For reference, here are the last few themes the annual GMTK jam has used:
- Built to Scale
- Roles Reversed
- Roll of the Dice
- Joined Together
- Out of Control
These are all solid themes! Each one has a nugget of inspiration for where your game might go, but they’re not so prescriptive that you have to make a game in a specific lane or with specific concerns (the much maligned GGJ 2024 theme “Make Me Laugh” is an example of this; to adhere to the theme, you game might need some element of comedic writing, which is one hell of a restriction).
So as human with human brains here, we can evaluate our nascent Data Science efforts by judging the top themes from our experiments to judge if they’re in the sweet spot of “not too vague to be meaningless” and “not too specific to limit freedom”.
One small problem: the voting system we picked was… suboptimal.
Well, kind of.
We allowed everything to submit up to three themes - come the end of the submission window, we have 223 themes under consideration.

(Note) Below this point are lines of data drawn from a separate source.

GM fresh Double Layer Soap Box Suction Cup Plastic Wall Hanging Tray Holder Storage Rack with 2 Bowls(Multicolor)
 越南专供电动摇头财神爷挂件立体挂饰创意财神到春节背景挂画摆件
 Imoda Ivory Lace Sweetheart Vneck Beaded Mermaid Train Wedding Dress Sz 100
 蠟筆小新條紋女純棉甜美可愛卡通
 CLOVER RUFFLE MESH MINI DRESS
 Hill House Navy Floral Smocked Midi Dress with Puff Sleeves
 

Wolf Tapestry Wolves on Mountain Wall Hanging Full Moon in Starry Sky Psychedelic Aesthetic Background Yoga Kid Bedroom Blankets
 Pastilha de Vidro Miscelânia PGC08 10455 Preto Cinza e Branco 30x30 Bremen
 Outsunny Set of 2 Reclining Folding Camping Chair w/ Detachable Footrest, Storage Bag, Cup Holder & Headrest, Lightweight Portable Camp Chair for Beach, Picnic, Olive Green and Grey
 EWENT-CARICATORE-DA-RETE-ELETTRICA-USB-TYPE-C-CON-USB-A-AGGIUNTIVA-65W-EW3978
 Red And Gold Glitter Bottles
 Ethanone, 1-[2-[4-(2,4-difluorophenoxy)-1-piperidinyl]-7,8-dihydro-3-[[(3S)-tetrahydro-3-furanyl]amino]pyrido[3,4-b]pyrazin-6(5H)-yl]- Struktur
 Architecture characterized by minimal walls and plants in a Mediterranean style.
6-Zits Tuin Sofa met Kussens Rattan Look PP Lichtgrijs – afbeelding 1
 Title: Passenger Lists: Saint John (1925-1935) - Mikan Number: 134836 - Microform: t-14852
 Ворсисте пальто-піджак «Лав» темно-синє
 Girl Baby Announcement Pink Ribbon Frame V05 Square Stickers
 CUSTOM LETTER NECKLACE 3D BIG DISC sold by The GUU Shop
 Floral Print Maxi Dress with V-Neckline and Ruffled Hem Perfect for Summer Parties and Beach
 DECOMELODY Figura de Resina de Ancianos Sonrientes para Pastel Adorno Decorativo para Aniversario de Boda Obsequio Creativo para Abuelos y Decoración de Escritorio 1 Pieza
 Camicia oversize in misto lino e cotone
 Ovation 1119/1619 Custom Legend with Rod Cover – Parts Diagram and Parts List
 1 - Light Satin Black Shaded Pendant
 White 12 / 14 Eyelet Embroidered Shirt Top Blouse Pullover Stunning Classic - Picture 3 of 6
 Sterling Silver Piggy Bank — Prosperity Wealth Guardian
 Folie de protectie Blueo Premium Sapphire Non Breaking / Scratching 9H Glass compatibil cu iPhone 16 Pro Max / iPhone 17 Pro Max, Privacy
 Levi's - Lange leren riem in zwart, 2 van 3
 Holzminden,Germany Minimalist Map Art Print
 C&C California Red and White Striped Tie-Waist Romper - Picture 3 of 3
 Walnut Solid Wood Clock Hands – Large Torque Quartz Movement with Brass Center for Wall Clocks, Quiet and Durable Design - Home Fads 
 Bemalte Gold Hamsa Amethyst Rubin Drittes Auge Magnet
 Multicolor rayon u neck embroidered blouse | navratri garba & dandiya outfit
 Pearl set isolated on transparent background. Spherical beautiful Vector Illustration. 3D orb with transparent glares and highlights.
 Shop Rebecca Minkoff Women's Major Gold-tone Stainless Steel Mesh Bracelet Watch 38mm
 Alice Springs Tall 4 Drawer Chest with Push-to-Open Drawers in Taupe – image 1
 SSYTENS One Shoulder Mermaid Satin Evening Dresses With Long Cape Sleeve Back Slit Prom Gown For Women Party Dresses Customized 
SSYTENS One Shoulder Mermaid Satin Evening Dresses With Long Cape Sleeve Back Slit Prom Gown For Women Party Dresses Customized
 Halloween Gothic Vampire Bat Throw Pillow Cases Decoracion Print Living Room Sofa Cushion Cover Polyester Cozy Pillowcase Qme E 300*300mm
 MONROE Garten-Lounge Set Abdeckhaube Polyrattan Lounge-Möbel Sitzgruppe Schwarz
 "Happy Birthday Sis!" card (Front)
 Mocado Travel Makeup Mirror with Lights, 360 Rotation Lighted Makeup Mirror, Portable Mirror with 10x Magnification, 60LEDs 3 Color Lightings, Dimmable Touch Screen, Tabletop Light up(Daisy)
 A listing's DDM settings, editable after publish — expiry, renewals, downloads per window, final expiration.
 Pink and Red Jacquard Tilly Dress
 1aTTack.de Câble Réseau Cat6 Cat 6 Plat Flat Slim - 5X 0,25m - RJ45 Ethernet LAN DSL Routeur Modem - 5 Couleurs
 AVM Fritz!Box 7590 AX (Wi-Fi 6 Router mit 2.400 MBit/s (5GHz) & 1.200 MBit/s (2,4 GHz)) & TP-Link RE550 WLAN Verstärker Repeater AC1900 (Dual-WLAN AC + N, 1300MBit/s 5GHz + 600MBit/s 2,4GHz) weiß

We build a ranked voting system where every participant gets a deterministically random set of ten themes from the pool, and they rank them from best to worst. We had ~130 people vote, each on 10 themes at a time.
Allowing three themes per person (which Amit, the brains behind the voting system, warned would be a problem) gave us way too many options with not enough votes to go around. Once we had three themes per person, limiting each voter to 10 themes artificially limited how many votes we could spread around. Similar problem to before; a lack of enough data.
By limiting users to 10 themes to vote across, we’ve massively limited how many votes each theme can get. For the 200+ themes in the pool, the most votes a specific theme got was 11.
The mean number of votes each theme got was 5.8 - which, honestly, was more than I’d expected from having so many themes in scope. As you might imagine, this left me with some pretty suspect numbers.
How do you pick between a theme which gets four 5-star votes and a theme which gets ten votes of 3, 4, 5?
Well, let’s start simple and see where that gets us.
Approach:
for (theme in themes) {
theme.score = theme.votes.sumOf { it.score }
}
val winningTheme = themes.maxBy { it.score }
Results:
| Theme | Score | Votes (top: +5, bottom: -4) |
|---|---|---|
| Indirect Control | 25 | 5, 5, 5, 4, 4, 3, 1, 0, -2 |
| Don’t Stop | 23 | 5, 5, 5, 4, 3, 2, 2, 1, 0, -1, -3 |
| The Other Way | 23 | 5, 5, 5, 4, 2, 1, 1 |
| Fight Without Attack Buttons | 22 | 5, 5, 5, 4, 3, 2, -1, -1 |
| A New Twist On An Old Classic | 22 | 5, 5, 4, 4, 3, 1, 2, -1 |
| … | … | … |
| Bending the rules | 18 | 5, 5, 4, 4 |
| Combination | 16 | 5, 4, 4, 3 |
| … | … | … |
| (Redacted) | -30 | 0, 0, -1, -3, -3, -3, -4, -4, -4, -4, -4 |
Get all the votes for each theme, sum them together, take the theme with the highest total.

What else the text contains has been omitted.